[Work request]: Retype every entry exactly, down to the last character.

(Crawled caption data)
━━━━━━━━

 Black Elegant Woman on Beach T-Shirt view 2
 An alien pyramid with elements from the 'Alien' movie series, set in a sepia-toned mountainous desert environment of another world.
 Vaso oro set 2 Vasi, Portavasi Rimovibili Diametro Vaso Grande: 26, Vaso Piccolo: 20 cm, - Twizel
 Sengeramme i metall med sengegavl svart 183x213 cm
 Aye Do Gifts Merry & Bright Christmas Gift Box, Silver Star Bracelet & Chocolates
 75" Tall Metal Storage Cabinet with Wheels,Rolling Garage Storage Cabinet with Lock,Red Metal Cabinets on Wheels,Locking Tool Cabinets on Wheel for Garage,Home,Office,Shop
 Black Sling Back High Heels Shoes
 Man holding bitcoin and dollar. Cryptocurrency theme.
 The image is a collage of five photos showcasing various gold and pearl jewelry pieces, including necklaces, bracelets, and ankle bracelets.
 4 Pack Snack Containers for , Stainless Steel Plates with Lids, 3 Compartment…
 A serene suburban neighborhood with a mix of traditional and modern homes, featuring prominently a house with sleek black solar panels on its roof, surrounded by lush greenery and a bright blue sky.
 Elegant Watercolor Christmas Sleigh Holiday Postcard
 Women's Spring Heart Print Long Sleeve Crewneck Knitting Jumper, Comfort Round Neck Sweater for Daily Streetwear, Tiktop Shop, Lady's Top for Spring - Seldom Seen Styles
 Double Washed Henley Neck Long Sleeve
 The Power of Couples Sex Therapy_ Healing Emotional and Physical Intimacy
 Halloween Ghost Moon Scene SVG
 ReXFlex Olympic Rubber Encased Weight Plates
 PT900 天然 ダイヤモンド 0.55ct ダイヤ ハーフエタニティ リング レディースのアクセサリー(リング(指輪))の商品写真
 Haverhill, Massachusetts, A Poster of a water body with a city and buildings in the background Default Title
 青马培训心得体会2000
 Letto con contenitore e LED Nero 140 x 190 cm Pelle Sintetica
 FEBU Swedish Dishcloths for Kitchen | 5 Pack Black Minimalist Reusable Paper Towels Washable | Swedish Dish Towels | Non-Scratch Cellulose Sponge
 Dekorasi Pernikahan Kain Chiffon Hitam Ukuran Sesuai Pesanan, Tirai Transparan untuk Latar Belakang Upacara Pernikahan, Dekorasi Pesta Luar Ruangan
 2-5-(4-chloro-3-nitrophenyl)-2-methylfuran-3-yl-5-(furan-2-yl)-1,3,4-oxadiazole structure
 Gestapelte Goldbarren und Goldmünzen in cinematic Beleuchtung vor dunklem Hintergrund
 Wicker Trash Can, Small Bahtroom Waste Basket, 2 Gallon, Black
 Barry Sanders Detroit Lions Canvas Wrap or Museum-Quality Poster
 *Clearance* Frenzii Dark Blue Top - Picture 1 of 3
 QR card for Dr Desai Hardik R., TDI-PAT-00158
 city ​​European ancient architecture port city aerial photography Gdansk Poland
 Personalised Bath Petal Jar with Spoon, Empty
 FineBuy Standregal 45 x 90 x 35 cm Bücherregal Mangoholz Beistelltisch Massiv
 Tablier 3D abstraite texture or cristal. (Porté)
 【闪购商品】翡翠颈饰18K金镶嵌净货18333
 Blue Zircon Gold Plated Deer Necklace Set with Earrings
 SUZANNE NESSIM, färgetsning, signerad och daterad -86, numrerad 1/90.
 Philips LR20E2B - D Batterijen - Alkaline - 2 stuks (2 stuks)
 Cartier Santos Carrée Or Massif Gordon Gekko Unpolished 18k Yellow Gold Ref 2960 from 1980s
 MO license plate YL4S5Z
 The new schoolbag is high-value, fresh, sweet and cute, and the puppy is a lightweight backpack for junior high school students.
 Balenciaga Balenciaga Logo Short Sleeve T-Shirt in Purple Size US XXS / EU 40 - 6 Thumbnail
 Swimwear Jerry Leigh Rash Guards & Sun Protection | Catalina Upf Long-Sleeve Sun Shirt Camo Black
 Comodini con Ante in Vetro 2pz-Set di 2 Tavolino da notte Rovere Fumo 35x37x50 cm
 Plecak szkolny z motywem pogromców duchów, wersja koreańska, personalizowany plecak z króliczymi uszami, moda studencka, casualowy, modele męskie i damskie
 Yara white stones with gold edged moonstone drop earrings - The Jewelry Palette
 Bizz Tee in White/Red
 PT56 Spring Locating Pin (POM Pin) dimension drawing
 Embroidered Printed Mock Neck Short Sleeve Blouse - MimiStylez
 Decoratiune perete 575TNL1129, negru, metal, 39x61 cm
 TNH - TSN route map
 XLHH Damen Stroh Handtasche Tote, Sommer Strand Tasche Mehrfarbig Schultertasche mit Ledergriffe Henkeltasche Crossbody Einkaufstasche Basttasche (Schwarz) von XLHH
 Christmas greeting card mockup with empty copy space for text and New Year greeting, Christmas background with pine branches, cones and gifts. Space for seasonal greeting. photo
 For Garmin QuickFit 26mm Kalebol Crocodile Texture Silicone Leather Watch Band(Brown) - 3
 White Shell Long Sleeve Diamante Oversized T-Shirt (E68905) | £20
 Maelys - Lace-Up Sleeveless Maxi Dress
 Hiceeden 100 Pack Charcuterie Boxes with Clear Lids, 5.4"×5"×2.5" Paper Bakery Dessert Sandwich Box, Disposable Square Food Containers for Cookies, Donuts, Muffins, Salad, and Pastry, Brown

━━━━━━━━

[Solved problem]:
 Black Elegant Woman on Beach T-Shirt view 2
 An alien pyramid with elements from the 'Alien' movie series, set in a sepia-toned mountainous desert environment of another world.
 Vaso oro set 2 Vasi, Portavasi Rimovibili Diametro Vaso Grande: 26, Vaso Piccolo: 20 cm, - Twizel
 Sengeramme i metall med sengegavl svart 183x213 cm
 Aye Do Gifts Merry & Bright Christmas Gift Box, Silver Star Bracelet & Chocolates
 75" Tall Metal Storage Cabinet with Wheels,Rolling Garage Storage Cabinet with Lock,Red Metal Cabinets on Wheels,Locking Tool Cabinets on Wheel for Garage,Home,Office,Shop
 Black Sling Back High Heels Shoes
 Man holding bitcoin and dollar. Cryptocurrency theme.
 The image is a collage of five photos showcasing various gold and pearl jewelry pieces, including necklaces, bracelets, and ankle bracelets.
 4 Pack Snack Containers for , Stainless Steel Plates with Lids, 3 Compartment…
 A serene suburban neighborhood with a mix of traditional and modern homes, featuring prominently a house with sleek black solar panels on its roof, surrounded by lush greenery and a bright blue sky.
 Elegant Watercolor Christmas Sleigh Holiday Postcard
 Women's Spring Heart Print Long Sleeve Crewneck Knitting Jumper, Comfort Round Neck Sweater for Daily Streetwear, Tiktop Shop, Lady's Top for Spring - Seldom Seen Styles
 Double Washed Henley Neck Long Sleeve
 The Power of Couples Sex Therapy_ Healing Emotional and Physical Intimacy
 Halloween Ghost Moon Scene SVG
 ReXFlex Olympic Rubber Encased Weight Plates
 PT900 天然 ダイヤモンド 0.55ct ダイヤ ハーフエタニティ リング レディースのアクセサリー(リング(指輪))の商品写真
 Haverhill, Massachusetts, A Poster of a water body with a city and buildings in the background Default Title
 青马培训心得体会2000
 Letto con contenitore e LED Nero 140 x 190 cm Pelle Sintetica
 FEBU Swedish Dishcloths for Kitchen | 5 Pack Black Minimalist Reusable Paper Towels Washable | Swedish Dish Towels | Non-Scratch Cellulose Sponge
 Dekorasi Pernikahan Kain Chiffon Hitam Ukuran Sesuai Pesanan, Tirai Transparan untuk Latar Belakang Upacara Pernikahan, Dekorasi Pesta Luar Ruangan
 2-5-(4-chloro-3-nitrophenyl)-2-methylfuran-3-yl-5-(furan-2-yl)-1,3,4-oxadiazole structure
 Gestapelte Goldbarren und Goldmünzen in cinematic Beleuchtung vor dunklem Hintergrund
 Wicker Trash Can, Small Bahtroom Waste Basket, 2 Gallon, Black
 Barry Sanders Detroit Lions Canvas Wrap or Museum-Quality Poster
 *Clearance* Frenzii Dark Blue Top - Picture 1 of 3
 QR card for Dr Desai Hardik R., TDI-PAT-00158
 city ​​European ancient architecture port city aerial photography Gdansk Poland
 Personalised Bath Petal Jar with Spoon, Empty
 FineBuy Standregal 45 x 90 x 35 cm Bücherregal Mangoholz Beistelltisch Massiv
 Tablier 3D abstraite texture or cristal. (Porté)
 【闪购商品】翡翠颈饰18K金镶嵌净货18333
 Blue Zircon Gold Plated Deer Necklace Set with Earrings
 SUZANNE NESSIM, färgetsning, signerad och daterad -86, numrerad 1/90.
 Philips LR20E2B - D Batterijen - Alkaline - 2 stuks (2 stuks)
 Cartier Santos Carrée Or Massif Gordon Gekko Unpolished 18k Yellow Gold Ref 2960 from 1980s
 MO license plate YL4S5Z
 The new schoolbag is high-value, fresh, sweet and cute, and the puppy is a lightweight backpack for junior high school students.
 Balenciaga Balenciaga Logo Short Sleeve T-Shirt in Purple Size US XXS / EU 40 - 6 Thumbnail
 Swimwear Jerry Leigh Rash Guards & Sun Protection | Catalina Upf Long-Sleeve Sun Shirt Camo Black
 Comodini con Ante in Vetro 2pz-Set di 2 Tavolino da notte Rovere Fumo 35x37x50 cm
 Plecak szkolny z motywem pogromców duchów, wersja koreańska, personalizowany plecak z króliczymi uszami, moda studencka, casualowy, modele męskie i damskie
 Yara white stones with gold edged moonstone drop earrings - The Jewelry Palette
 Bizz Tee in White/Red
 PT56 Spring Locating Pin (POM Pin) dimension drawing
 Embroidered Printed Mock Neck Short Sleeve Blouse - MimiStylez
 Decoratiune perete 575TNL1129, negru, metal, 39x61 cm
 TNH - TSN route map
 XLHH Damen Stroh Handtasche Tote, Sommer Strand Tasche Mehrfarbig Schultertasche mit Ledergriffe Henkeltasche Crossbody Einkaufstasche Basttasche (Schwarz) von XLHH
 Christmas greeting card mockup with empty copy space for text and New Year greeting, Christmas background with pine branches, cones and gifts. Space for seasonal greeting. photo
 For Garmin QuickFit 26mm Kalebol Crocodile Texture Silicone Leather Watch Band(Brown) - 3
 White Shell Long Sleeve Diamante Oversized T-Shirt (E68905) | £20
 Maelys - Lace-Up Sleeveless Maxi Dress
 Hiceeden 100 Pack Charcuterie Boxes with Clear Lids, 5.4"×5"×2.5" Paper Bakery Dessert Sandwich Box, Disposable Square Food Containers for Cookies, Donuts, Muffins, Salad, and Pastry, Brown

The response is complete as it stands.